» **Task to complete**: Begin with the line below holding "ZSHAWN Natural Marble" and go on through the line holding "Lotus Herbals Whiteglow", duplicating each line exactly and leaving out pictures.

» **Records for this exercise**:
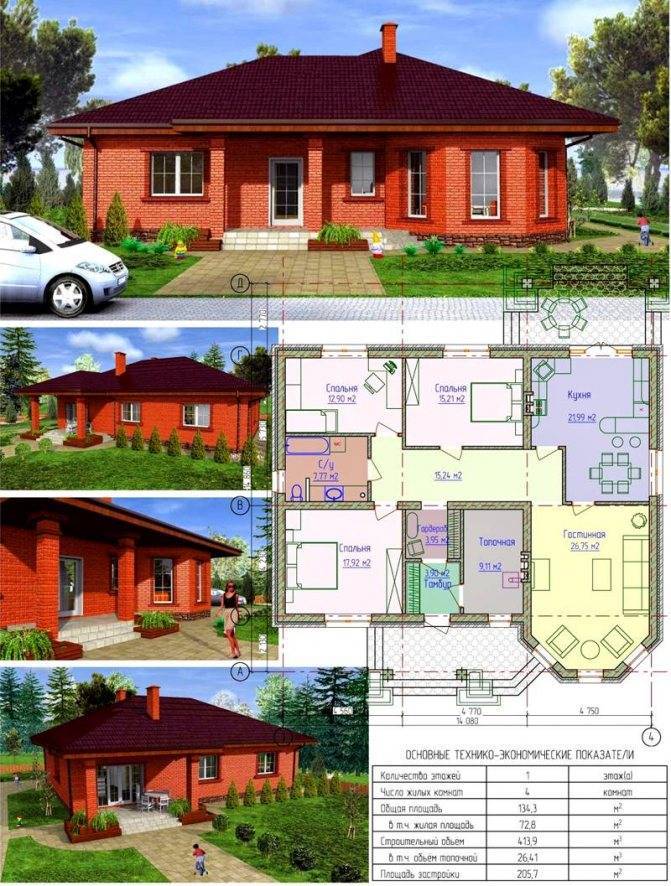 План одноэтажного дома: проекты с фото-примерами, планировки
==
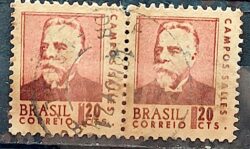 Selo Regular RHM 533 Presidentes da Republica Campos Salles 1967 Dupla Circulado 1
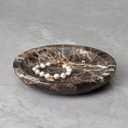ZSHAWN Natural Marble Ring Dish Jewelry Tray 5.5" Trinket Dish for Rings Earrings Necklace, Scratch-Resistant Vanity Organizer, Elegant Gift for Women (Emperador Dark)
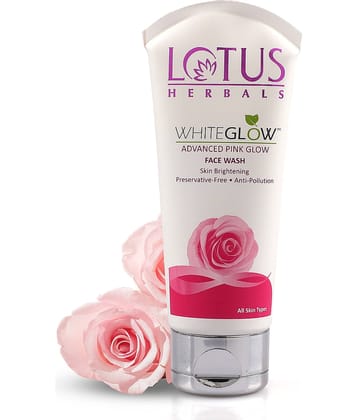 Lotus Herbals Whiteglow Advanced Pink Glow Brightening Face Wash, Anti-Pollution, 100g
...
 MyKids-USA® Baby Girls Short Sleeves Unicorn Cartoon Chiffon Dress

» **Response below**:
ZSHAWN Natural Marble Ring Dish Jewelry Tray 5.5" Trinket Dish for Rings Earrings Necklace, Scratch-Resistant Vanity Organizer, Elegant Gift for Women (Emperador Dark)
 Lotus Herbals Whiteglow Advanced Pink Glow Brightening Face Wash, Anti-Pollution, 100g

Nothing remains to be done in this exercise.